Manteca is not the Bay Area.
Believe it or not, that is not a bad thing, contrary to the trash talkers.
New homes in detached single family housing neighborhoods being built here aren’t so close they could be props for a revival of the Grey Poupon commercials.
And you also don’t have to have a household income equivalent to the gross national product of a Third World country to buy one.
And speaking of Third World, if that is your view of Manteca, you might want to guess again.
If homeless popping up in a downtown park, walking along commercial districts, panhandling and pitching encampments along freeway right-of-way makes Manteca a Third World country then what are San Jose and San Francisco?
Say what you want about Manteca allegedly coddling the homeless but on the Richter Scale of homeless issues we’re more like a 1.8 while much of the Bay Area is a 7.2
That said, Manteca has its warts.
But then what city doesn’t in the Greater Bay Area except for perhaps Atherton?
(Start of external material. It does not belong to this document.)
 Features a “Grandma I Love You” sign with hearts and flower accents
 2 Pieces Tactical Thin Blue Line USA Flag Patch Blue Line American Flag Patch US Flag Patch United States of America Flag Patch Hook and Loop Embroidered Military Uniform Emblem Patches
Of course, the rejoinder of those convinced Manteca is barely a notch or two above a hell hole will be “what about the dead grass, the weeds in yards, cars parked on lawns”, and other such issues that do exist?
They’re right, of course.
But what we have here is blight light compared to more than a few parts of East Palo Alto, South San Jose, Oakland, Fremont, Marin City, Richmond, and San Francisco to drop a few Bay Area names.
There are only a few places in the Bay Area that can claim to be purer than New York snow when it comes to hitting every target from minimal or no homeless, blight that you’d have to spend some time looking for, or people that are in the same social-economic circles so their behavior somehow doesn’t affront those passing judgment on a community.
We’re talking places like Woodside, Atherton, Blackhawk, Orinda, and Los Gatos.
This might come as a shock to some, but not everyone can pull down a six figure paycheck. That doesn’t mean what they do for a living isn’t valuable to society or honest labor with meaning.
Then there is the obvious difference. If Mantecans relied on food grown in the Bay Area to survive, we’d all be starving.
Manteca is part of a farm county that, if it stood alone as a separate state, would rank 37th in the nation. That involves getting dirty and sometime smelly.
And for those that rely on Amazon to keep them in everything from toilet paper and other household products to virtually anything they could desire for day-to-day living, don’t pooh-pooh this area and the people who work here.
There are eight major Amazon distribution centers between Patterson, Tracy, Manteca, and Stockton that keeps goods flowing to the Bay Area.
Not only would the Bay Area be in a world of hurt for food and goods as well as affordable housing for all the people filling jobs that help generate massive high tech wealth that are in the hands of a relatively few but they’d be unable to take a bath, wash clothes or cars, water their lawns, or even flush their toilets if they didn’t import water from outside of their basin.
Yes, the numerous freight trains that sound whistles and go through Manteca don’t Lolly-gag along as they do on Bay Area lines.
That’s because the lines through Manteca do the heavy lifting when it comes to movement of goods and making sure people have what they want when they want it.
As for the trucks, if you believe they should be banished from the face of the earth then go “truck free” for a year, eschewing anything a truck had to do with delivering including your house.
No one is saying of Manteca is perfect and doesn’t need to continue stepping up its game. But it is a balancing act.
Make Manteca a cookie-cutter rip-off of Pleasanton and easily two thirds of the 70,000 people who moved here from the Bay Area over the last 40 years would have to pack up the truck and move farther down or up the valley, if not out of state.
The funny thing is those that are doing the slamming aren’t really slamming those Mantecans whose families either predate the start of serious commuting in the 1960s.
The vast majority of Manteca residents are Bay Area expatriates.
None of this is intended to silence criticism as if that would ever happen in today’s world of belittle first, trash second, and marginalize third.
But it would be nice, if you want to change the world, to use milk instead on your Wheaties.